§ YOUR TASK
Provide the data again exactly, including every line that follows.

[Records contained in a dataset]

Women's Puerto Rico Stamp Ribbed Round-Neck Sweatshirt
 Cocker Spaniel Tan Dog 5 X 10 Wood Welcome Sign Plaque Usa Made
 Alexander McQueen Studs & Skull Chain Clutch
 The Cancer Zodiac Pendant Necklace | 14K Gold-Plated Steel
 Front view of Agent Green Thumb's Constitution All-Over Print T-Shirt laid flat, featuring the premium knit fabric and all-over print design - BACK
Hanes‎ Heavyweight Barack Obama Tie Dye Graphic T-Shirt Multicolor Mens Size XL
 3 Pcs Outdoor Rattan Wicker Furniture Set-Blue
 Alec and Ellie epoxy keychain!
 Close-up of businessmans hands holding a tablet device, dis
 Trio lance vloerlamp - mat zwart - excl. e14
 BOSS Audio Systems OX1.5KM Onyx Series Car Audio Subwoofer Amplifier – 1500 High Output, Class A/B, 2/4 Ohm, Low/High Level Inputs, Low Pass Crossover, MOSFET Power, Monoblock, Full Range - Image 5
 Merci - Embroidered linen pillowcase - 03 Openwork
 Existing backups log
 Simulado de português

§ TASK RESPONSE
Women's Puerto Rico Stamp Ribbed Round-Neck Sweatshirt
 Cocker Spaniel Tan Dog 5 X 10 Wood Welcome Sign Plaque Usa Made
 Alexander McQueen Studs & Skull Chain Clutch
 The Cancer Zodiac Pendant Necklace | 14K Gold-Plated Steel
 Front view of Agent Green Thumb's Constitution All-Over Print T-Shirt laid flat, featuring the premium knit fabric and all-over print design - BACK
Hanes‎ Heavyweight Barack Obama Tie Dye Graphic T-Shirt Multicolor Mens Size XL
 3 Pcs Outdoor Rattan Wicker Furniture Set-Blue
 Alec and Ellie epoxy keychain!
 Close-up of businessmans hands holding a tablet device, dis
 Trio lance vloerlamp - mat zwart - excl. e14
 BOSS Audio Systems OX1.5KM Onyx Series Car Audio Subwoofer Amplifier – 1500 High Output, Class A/B, 2/4 Ohm, Low/High Level Inputs, Low Pass Crossover, MOSFET Power, Monoblock, Full Range - Image 5
 Merci - Embroidered linen pillowcase - 03 Openwork
 Existing backups log
 Simulado de português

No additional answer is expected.